**To do**
For the records below, give the number of lines where the string "Photo" occurs. Include nothing else.
########
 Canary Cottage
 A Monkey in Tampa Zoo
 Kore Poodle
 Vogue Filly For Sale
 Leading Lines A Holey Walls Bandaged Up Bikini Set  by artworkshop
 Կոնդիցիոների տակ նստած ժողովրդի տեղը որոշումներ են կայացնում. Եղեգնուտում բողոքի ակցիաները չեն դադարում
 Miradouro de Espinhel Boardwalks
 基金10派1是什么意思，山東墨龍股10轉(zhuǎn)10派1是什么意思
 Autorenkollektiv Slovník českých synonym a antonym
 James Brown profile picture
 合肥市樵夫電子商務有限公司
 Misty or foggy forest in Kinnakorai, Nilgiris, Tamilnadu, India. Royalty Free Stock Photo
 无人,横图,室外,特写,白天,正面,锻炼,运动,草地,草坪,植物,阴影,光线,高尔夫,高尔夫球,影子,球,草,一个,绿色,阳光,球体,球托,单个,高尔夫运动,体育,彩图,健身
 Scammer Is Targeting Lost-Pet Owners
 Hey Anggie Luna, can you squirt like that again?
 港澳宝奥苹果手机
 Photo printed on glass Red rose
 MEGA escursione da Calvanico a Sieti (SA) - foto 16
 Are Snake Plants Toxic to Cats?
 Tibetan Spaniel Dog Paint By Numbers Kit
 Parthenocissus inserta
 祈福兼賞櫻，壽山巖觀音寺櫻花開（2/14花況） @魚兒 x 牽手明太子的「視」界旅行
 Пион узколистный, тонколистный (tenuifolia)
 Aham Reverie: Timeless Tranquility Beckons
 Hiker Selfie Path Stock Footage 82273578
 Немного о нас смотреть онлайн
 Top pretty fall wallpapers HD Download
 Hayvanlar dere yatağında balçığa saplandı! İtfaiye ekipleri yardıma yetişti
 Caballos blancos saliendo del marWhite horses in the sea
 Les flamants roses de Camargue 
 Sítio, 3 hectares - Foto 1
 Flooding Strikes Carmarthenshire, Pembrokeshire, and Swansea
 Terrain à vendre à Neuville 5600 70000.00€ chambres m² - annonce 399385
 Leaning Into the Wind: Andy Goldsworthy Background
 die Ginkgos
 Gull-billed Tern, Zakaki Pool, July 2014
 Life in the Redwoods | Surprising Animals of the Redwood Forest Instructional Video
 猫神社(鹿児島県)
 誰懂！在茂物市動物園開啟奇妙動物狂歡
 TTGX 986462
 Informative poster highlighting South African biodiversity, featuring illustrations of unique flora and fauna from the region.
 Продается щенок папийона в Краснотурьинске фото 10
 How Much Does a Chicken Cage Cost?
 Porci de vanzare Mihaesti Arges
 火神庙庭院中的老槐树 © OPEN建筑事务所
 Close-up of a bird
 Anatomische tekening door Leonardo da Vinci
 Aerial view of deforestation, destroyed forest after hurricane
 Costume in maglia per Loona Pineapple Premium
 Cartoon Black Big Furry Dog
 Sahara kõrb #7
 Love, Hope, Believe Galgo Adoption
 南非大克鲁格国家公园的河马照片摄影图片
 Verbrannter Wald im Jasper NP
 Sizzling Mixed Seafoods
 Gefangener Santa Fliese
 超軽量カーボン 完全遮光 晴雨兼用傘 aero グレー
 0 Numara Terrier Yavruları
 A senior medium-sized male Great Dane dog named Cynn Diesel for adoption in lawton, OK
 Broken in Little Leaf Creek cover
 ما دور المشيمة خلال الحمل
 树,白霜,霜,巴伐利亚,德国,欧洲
########
**Result below**
2